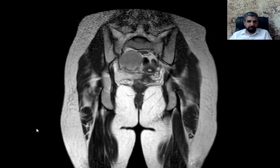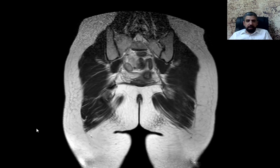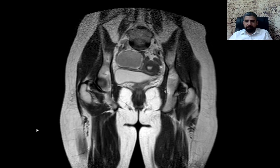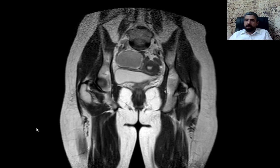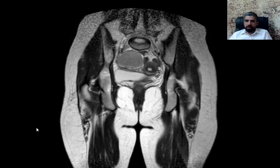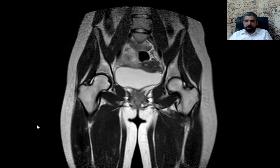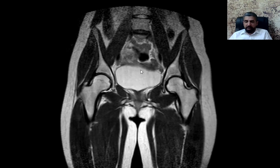There was a mass in the pelvis on the ultrasound, and an MRI was requested to further characterize the mass — its type, location, and relation to the adjacent structures. First of all, you can see this is a coronal image of a T2-weighted pelvis MRI.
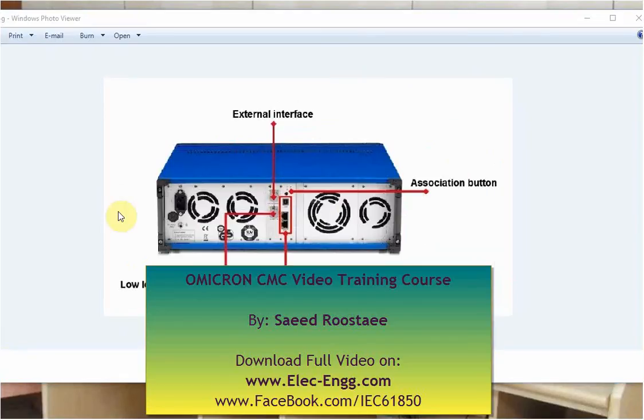This picture shows the rear panel of the CMC. This part is for the power supply.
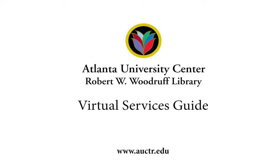Welcome to this guide to the AUC Woodruff Library's virtual services. We will show you how to get in touch with us and how to use our electronic resources for your teaching, learning, and research.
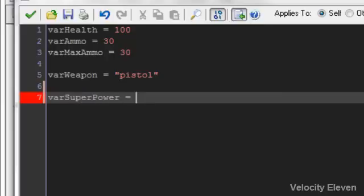Sometimes the superpower will be activated and sometimes it will not. So you want it to be able to switch on and off. There's a special type of variable that deals with things that are either true or false, specifically. These are boolean values.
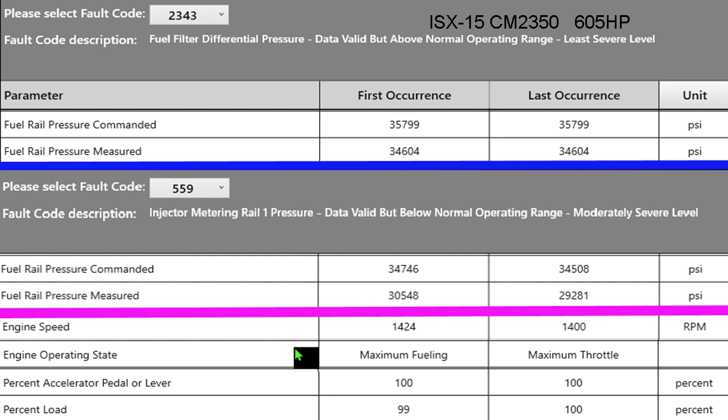I want you to look farther down below that purple line — I've got a couple other items from the snapshot there. We were at about 1,400 RPM, so we're into peak torque. On the first snapshot we were at maximum fueling, and on the second snapshot we were at maximum throttle — the accelerator pedal was pushed right against the floor at 100%. The percent of load, or the amount of electronic throttle the ECM is commanding to the fuel system, was at 99 and 100 percent.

################

_EXERCISE BRIEF_
Out of the records above, set down only the lines from the one that contains "Welcome to this" through the one that contains "Sometimes the superpower", unchanged and without the pictures.

_WRITTEN ANSWER_
Welcome to this guide to the AUC Woodruff Library's virtual services. We will show you how to get in touch with us and how to use our electronic resources for your teaching, learning, and research.
Sometimes the superpower will be activated and sometimes it will not. So you want it to be able to switch on and off. There's a special type of variable that deals with things that are either true or false, specifically. These are boolean values.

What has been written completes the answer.